INPUT DATA.
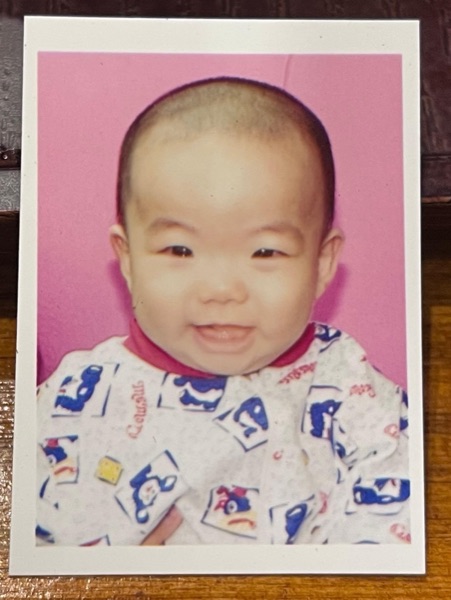 A passport photo of Lok Wa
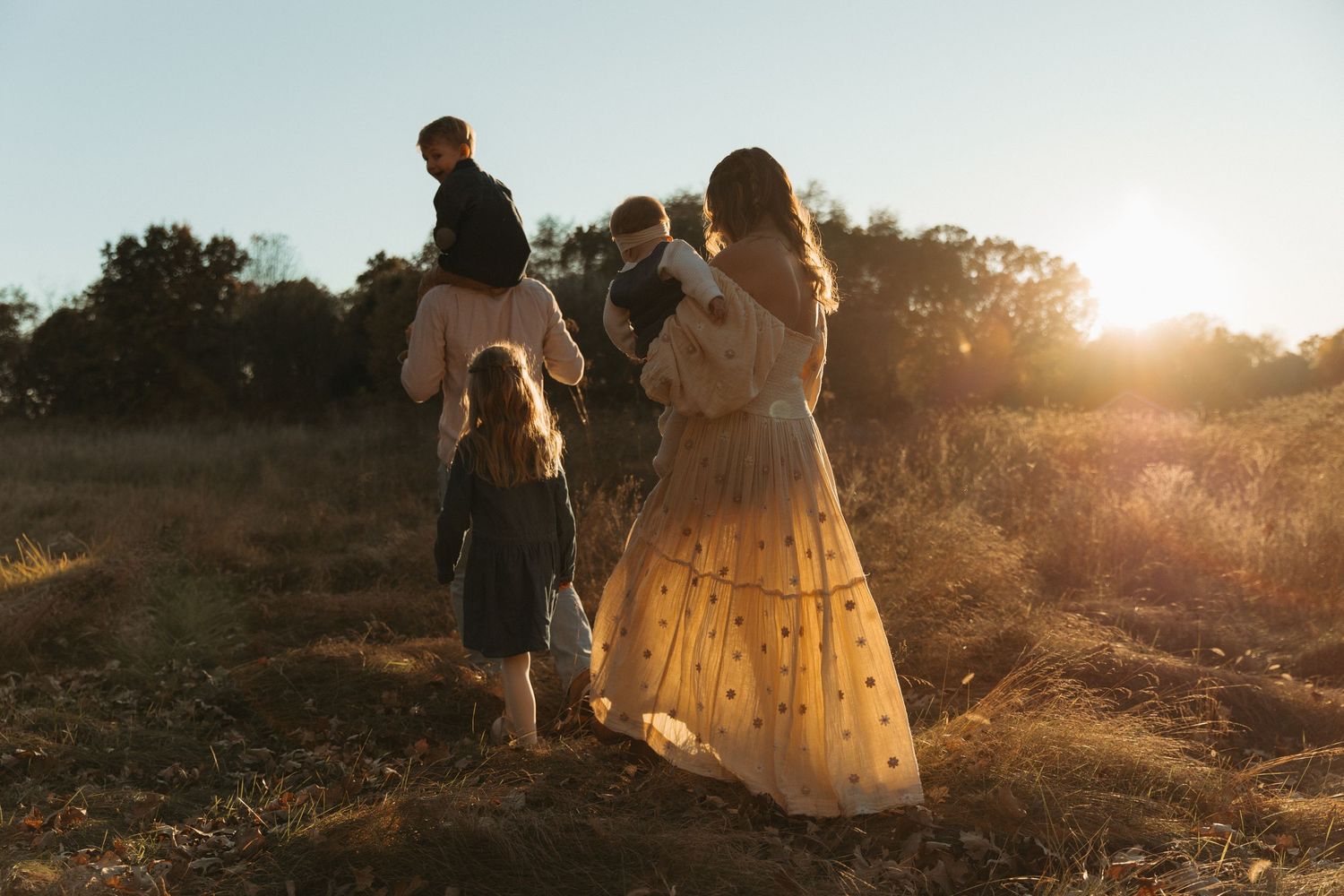 family of five walking away from the camera in a golden field during sunset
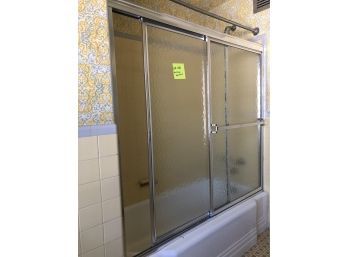 A Textured Glass Sliding Door Tub Enclosure With Chrome Tone Hardware - Yellow Bath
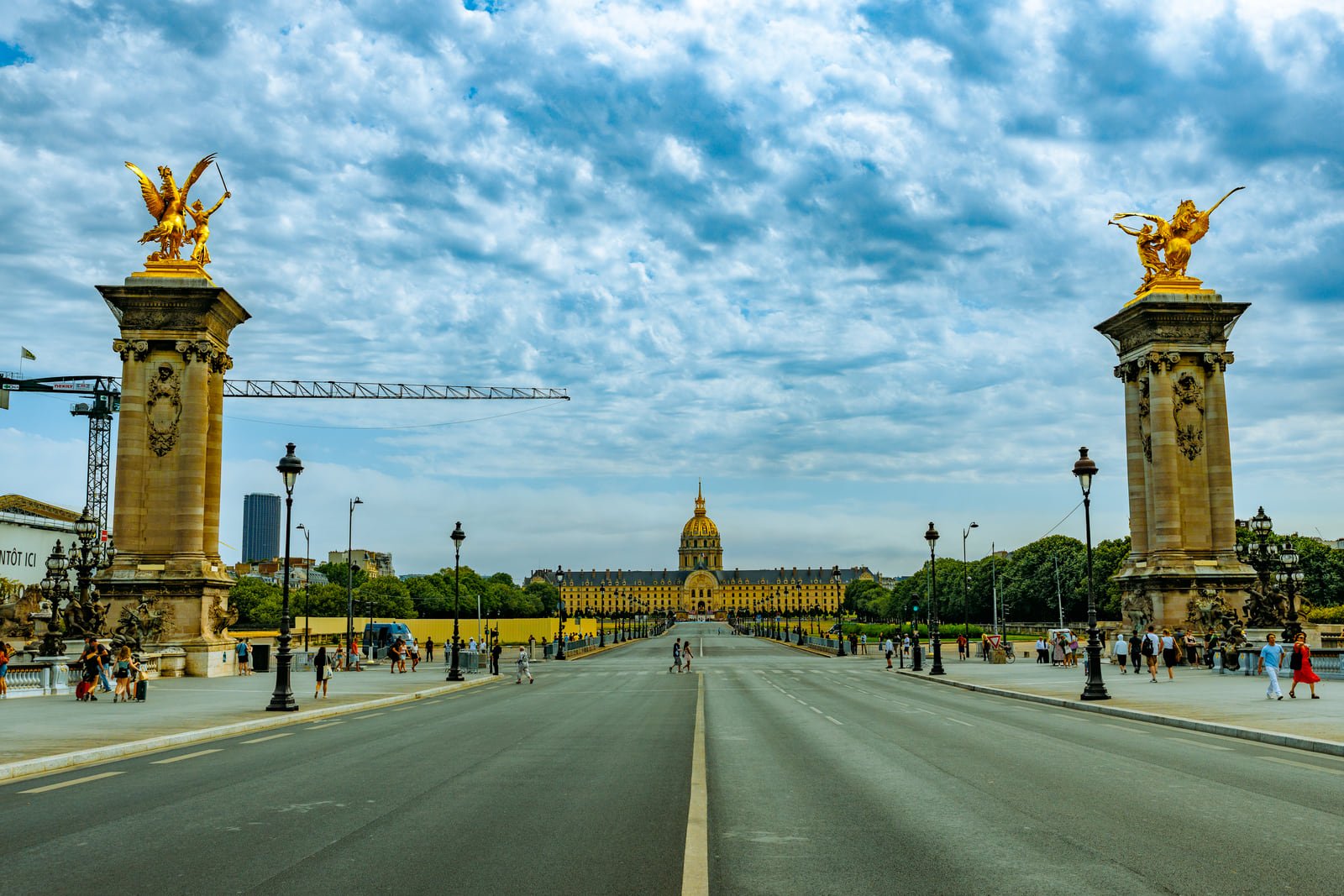 An open avenue framed by gilded statues beneath a textured blue sky.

GOAL OF THE EXERCISE.
Would you return all the data exactly as given, minus the pictures?

SOLUTION TO THE PROBLEM.
 A passport photo of Lok Wa
 family of five walking away from the camera in a golden field during sunset
 A Textured Glass Sliding Door Tub Enclosure With Chrome Tone Hardware - Yellow Bath
 An open avenue framed by gilded statues beneath a textured blue sky.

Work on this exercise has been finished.